PARIS: La "course aux subventions" est "contraire à toutes les règles du commerce international" et les subventions américaines appellent une réponse "coordonnée, unie et forte" des Européens, a estimé dans une interview le ministre français de l'Économie Bruno Le Maire.
"Certaines grandes entreprises étrangères qui voulaient s'installer en Europe hésitent désormais entre des sites européens et des sites américains", a déclaré M. Le Maire dans une interview aux quatre journaux européens Les Echos, Handelsblatt, El Mundo et Corriere della Sera, mise en ligne dimanche soir.

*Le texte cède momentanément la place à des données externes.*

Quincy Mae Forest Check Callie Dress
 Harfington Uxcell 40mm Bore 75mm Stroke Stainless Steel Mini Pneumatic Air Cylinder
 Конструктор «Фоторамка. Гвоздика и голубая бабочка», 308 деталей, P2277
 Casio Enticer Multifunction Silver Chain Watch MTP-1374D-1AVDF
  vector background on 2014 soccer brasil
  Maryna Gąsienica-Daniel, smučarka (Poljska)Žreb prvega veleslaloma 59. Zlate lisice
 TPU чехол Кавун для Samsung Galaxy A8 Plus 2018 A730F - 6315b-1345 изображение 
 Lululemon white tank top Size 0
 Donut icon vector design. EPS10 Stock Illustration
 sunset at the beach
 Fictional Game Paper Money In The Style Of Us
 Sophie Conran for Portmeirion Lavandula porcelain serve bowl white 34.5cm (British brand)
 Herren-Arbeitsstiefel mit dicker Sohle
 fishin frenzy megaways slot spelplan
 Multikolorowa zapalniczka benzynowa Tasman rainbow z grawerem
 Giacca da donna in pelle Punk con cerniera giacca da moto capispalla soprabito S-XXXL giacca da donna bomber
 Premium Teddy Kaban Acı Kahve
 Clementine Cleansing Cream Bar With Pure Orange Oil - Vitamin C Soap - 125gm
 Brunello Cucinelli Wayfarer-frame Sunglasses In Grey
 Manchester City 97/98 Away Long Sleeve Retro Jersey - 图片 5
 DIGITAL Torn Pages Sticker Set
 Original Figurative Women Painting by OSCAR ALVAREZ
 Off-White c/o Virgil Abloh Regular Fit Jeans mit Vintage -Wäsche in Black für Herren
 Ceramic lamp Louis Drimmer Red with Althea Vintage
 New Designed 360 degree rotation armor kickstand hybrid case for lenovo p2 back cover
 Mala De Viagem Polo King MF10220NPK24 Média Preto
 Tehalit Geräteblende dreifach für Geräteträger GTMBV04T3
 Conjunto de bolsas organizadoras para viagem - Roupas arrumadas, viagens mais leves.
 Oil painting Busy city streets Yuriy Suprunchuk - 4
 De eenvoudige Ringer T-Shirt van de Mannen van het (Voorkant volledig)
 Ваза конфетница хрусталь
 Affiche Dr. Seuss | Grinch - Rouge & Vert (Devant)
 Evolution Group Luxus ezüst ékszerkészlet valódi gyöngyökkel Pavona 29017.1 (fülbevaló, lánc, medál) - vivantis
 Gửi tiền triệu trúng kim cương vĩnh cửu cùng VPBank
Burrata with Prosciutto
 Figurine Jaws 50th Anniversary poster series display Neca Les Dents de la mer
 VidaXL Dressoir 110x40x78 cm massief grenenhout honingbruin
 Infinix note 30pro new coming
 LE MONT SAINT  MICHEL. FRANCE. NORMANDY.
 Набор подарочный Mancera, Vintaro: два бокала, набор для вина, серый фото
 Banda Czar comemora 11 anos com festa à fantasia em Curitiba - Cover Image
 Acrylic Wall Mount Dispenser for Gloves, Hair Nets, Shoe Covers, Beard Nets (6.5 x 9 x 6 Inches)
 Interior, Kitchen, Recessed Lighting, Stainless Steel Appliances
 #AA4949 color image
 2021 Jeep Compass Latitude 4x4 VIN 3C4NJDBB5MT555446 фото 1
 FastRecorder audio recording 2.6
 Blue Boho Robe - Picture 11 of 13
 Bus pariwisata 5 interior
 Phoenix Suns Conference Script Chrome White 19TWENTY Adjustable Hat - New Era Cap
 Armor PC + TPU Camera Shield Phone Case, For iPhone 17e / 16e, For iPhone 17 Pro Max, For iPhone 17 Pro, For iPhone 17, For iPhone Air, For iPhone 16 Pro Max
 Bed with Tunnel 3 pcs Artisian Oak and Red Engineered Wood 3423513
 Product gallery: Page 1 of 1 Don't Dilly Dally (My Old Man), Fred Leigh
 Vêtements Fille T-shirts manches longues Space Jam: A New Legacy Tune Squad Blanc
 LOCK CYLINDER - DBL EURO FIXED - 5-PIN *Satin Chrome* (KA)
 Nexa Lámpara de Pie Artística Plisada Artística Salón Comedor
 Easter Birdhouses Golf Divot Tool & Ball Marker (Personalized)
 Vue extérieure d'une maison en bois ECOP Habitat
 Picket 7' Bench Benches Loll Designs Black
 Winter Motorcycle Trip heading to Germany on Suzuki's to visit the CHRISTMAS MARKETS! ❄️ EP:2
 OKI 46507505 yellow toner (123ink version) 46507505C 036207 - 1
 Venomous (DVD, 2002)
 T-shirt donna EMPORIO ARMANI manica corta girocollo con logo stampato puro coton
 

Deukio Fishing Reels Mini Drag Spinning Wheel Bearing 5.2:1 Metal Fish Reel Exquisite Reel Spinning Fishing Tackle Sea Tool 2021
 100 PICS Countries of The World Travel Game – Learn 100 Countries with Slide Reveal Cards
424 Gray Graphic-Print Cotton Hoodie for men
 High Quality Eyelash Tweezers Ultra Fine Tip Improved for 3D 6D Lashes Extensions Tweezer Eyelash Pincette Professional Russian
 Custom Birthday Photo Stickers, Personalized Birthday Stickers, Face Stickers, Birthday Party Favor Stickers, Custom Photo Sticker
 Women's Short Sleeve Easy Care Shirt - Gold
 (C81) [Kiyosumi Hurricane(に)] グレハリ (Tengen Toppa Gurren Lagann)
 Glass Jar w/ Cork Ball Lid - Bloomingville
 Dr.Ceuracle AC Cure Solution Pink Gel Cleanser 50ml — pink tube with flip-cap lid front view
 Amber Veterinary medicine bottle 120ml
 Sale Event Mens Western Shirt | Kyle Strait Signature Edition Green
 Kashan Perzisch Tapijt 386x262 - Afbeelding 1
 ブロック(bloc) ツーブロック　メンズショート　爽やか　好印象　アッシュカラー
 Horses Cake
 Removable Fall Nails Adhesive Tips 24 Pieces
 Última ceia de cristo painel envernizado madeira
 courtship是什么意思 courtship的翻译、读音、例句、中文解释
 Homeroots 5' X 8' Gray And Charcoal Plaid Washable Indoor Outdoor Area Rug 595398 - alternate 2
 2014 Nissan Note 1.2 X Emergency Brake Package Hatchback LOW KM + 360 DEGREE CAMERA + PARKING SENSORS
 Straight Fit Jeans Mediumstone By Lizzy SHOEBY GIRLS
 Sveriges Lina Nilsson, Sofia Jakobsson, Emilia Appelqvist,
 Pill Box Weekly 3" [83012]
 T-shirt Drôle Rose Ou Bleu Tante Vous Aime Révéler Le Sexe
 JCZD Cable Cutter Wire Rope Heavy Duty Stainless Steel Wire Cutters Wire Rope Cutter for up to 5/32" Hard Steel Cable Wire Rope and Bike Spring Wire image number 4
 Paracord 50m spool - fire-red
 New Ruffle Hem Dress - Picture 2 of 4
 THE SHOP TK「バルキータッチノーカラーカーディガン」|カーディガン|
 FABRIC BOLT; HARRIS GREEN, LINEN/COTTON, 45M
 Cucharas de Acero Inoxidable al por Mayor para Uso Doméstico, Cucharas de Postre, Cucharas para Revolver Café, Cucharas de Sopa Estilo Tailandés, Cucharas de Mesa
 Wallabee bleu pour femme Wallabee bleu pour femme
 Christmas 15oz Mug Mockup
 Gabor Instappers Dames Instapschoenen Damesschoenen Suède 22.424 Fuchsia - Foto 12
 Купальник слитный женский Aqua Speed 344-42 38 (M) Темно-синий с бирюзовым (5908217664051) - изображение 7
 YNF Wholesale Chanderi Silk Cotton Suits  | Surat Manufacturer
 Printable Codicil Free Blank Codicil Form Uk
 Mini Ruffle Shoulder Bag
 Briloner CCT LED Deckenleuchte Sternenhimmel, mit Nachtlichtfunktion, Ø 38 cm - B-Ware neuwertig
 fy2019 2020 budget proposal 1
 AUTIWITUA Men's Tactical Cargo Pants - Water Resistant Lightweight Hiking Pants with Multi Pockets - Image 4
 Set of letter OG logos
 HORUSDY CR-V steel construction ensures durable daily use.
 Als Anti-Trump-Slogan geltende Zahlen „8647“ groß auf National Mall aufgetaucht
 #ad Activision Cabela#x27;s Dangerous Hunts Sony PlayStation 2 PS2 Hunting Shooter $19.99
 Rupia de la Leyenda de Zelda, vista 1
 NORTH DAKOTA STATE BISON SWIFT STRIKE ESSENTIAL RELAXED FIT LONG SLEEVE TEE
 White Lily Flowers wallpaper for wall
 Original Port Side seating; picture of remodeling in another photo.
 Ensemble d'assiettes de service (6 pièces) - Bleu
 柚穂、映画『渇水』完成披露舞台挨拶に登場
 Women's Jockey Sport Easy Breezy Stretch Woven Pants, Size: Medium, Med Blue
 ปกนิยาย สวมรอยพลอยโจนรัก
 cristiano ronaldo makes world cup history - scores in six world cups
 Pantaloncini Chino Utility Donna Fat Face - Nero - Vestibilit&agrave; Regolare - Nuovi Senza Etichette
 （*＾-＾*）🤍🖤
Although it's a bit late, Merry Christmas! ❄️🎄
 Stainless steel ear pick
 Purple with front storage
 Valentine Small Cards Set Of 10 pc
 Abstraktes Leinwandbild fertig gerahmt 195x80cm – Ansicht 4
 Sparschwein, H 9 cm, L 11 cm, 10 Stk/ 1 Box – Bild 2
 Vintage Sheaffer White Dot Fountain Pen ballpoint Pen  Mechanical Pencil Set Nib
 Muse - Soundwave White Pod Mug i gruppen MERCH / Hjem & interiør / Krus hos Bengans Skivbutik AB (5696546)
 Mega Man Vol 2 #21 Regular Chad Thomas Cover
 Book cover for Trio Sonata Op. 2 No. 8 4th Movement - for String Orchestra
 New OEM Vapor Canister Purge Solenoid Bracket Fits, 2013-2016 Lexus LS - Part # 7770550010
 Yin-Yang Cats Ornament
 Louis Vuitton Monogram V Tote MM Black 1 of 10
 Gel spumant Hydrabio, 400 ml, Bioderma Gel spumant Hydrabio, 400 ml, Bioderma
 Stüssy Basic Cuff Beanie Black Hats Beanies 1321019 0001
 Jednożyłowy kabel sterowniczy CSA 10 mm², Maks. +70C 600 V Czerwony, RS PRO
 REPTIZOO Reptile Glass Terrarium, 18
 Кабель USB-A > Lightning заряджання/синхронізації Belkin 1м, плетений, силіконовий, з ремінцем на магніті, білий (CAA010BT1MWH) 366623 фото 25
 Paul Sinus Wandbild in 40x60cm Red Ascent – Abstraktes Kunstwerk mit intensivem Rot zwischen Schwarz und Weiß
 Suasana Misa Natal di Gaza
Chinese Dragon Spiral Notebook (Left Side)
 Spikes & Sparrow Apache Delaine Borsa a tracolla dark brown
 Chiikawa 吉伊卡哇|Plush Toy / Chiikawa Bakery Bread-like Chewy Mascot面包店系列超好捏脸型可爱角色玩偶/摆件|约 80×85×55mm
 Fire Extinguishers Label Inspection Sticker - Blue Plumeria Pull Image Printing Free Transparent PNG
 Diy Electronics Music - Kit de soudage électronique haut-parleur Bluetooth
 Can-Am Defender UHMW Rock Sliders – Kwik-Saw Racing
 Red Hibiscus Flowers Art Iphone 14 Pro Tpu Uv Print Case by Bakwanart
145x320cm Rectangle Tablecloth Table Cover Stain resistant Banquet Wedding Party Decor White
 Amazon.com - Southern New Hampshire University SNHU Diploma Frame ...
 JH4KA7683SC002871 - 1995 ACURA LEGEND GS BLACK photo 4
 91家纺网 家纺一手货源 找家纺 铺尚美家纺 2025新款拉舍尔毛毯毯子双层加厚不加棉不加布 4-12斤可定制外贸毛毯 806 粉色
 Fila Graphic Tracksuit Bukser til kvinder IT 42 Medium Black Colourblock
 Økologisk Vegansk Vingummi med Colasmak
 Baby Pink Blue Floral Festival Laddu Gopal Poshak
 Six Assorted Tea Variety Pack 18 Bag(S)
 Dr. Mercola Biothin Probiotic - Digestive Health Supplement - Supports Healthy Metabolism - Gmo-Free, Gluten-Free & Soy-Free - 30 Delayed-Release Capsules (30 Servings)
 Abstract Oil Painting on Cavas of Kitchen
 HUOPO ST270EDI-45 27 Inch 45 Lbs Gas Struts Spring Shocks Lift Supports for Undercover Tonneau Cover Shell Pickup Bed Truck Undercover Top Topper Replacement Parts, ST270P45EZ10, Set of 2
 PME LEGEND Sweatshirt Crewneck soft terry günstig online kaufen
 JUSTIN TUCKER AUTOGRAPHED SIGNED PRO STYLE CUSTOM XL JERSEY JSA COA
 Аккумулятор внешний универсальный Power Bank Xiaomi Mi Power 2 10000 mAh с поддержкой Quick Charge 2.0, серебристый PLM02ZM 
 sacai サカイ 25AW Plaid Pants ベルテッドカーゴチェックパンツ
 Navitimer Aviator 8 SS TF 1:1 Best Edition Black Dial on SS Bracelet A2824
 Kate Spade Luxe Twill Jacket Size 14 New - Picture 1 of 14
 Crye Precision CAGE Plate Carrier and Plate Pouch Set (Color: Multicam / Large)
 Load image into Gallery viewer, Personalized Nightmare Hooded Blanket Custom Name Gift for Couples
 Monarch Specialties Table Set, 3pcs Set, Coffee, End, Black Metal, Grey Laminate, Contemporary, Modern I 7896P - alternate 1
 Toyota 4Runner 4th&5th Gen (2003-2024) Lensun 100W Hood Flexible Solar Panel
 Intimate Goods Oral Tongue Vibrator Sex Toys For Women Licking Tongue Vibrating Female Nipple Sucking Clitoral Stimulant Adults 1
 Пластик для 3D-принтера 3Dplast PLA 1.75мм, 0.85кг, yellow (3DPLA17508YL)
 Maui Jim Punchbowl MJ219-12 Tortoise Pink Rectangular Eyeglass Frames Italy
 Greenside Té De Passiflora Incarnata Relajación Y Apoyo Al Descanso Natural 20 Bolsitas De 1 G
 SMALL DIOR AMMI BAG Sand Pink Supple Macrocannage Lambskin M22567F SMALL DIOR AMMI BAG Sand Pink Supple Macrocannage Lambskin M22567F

"Dans certains cas, le montant des subventions que l'administration Biden propose est quatre à dix fois le montant maximal autorisé par la Commission européenne", a-t-il dit. "En France, nos premières estimations indiquent que ce sont 10 milliards d'investissements et des milliers d'emplois industriels qui sont en jeu", a-t-il ajouté.
"Notre industrie subit déjà un déficit de compétitivité lié aux différences de prix de l'énergie entre les États-Unis et l'Europe", a-t-il déploré. "Les subventions massives prévues par le Inflation Reduction Act (IRA) américain et la concurrence chinoise également fortement subventionnée risquent de creuser davantage cet écart".
La loi américaine sur la réduction de l'inflation, ainsi nommée pour coller à l'actualité, mais qui est en réalité un programme de réformes environnementales et sociales, est un plan de plusieurs centaines de milliards de dollars d'investissements.
Bruno Le Maire a réclamé une "réponse coordonnée, unie et forte de l'Union européenne vis-à-vis de nos alliés américains. Seule la fermeté nous permettra d'obtenir des résultats".
Il dit attendre "de la Commission européenne des propositions fermes et proportionnées", notamment "une affirmation plus stricte de nos intérêts environnementaux", "des dispositifs de préférence européenne ou l'accélération de l'utilisation des instruments de réciprocité".
Il a par ailleurs souligné qu'une "politique monétaire restrictive n'est pas compatible avec une politique budgétaire expansionniste", qu'il ne faut pas "soutenir sans limites la demande", mais "évoluer vers des aides davantage ciblées".
Il estime enfin que, "à la sortie de cette crise énergétique, nous aurons un niveau d'inflation probablement plus élevé que ce que nous connaissions depuis les dernières décennies", "parce que la relocalisation de notre production (...) et la décarbonation de l'économie vont renchérir structurellement le coût de certains produits".